**Problem details:** Repeat exactly, and only, the lines of the material below from the one that contains "Pregnant woman watching" through its final line.
>>>
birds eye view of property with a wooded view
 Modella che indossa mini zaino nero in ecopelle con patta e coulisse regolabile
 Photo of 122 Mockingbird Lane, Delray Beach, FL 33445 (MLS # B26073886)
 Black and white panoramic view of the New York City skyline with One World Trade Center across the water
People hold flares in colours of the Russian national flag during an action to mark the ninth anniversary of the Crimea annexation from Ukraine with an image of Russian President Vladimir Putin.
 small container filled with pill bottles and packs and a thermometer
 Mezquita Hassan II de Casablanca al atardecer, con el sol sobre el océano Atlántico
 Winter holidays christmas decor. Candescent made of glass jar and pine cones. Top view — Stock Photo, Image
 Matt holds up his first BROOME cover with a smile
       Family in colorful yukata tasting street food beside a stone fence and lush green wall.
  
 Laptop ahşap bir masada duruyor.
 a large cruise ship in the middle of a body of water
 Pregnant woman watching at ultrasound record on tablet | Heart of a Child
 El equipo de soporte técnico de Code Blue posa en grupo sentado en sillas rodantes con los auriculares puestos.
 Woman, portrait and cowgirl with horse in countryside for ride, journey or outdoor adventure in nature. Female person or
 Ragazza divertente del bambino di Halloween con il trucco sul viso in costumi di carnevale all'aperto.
<<<
**Answer to this problem:**
 Pregnant woman watching at ultrasound record on tablet | Heart of a Child
 El equipo de soporte técnico de Code Blue posa en grupo sentado en sillas rodantes con los auriculares puestos.
 Woman, portrait and cowgirl with horse in countryside for ride, journey or outdoor adventure in nature. Female person or
 Ragazza divertente del bambino di Halloween con il trucco sul viso in costumi di carnevale all'aperto.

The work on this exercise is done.